Saturday, 2 November 2013

Crooks start small

Probably the biggest loss we’ve ever seen a consumer experience followed the Eurextrade Ponzi scheme that collapsed in February this year. As well as people who had cashed in insurance policies and savings schemes, others who had taken bank loans and some who had borrowed from friends and family we heard of one victim who, we were told, “sold two houses and Range Rover” in order to “invest” in that scam.

Luckily, a few people were stopped from losing so much by Good Samaritans who intervened. An acquaintance who works for a large financial institution told me that she was approached by several clients who asked to cash in policies and she flatly refused. No, she told them, you can NOT have you money now that you’ve told me what you’re planning to do with it. Strictly speaking she was probably breaking the rules by denying them access to their savings but she had sufficient care for her fellow human beings that she took the risk. Hopefully they now realise how grateful they should be to her.

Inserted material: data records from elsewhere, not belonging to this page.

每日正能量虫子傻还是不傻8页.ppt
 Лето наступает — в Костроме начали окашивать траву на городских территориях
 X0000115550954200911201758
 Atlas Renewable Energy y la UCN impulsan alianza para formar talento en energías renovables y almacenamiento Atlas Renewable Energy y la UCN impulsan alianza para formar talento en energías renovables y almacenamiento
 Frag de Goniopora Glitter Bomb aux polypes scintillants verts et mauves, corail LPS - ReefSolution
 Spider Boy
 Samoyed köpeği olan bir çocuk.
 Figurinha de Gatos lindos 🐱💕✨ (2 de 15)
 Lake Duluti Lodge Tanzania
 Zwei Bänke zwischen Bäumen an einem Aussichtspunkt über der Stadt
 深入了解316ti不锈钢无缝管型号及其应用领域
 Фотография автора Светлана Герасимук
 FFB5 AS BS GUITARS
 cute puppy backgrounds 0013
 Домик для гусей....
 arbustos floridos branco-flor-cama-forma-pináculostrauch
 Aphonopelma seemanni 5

Some people lost significant amounts investing in the other Ponzi schemes like Felmina Alliance and “Oil of Asia”, clones of Eurextrade. Ironically we even heard of victims of Eurextrade that then jumped to the next scam and lost even more. Some people don’t seen capable of learning form experience.

Many others have lost smaller amounts, but nevertheless have still lost significantly, by joining a variety of pyramid schemes that promised wealth and prosperity but in fact only existed to benefit the founders, the people at the top of the pyramid.

However not all losses are as high. Many of the problems we hear about are of a much smaller value. For instance we received a message recently saying this:
“Can one report someone to small claims if they owe you P150. I sold this guy a second hand wardrobe at P450, he gave me P300. Now he is refusing to pay me because he says the truck damaged it!”
This is a dispute over a mere P150. Is it really worth the bother? Isn’t it simpler just to forget about it?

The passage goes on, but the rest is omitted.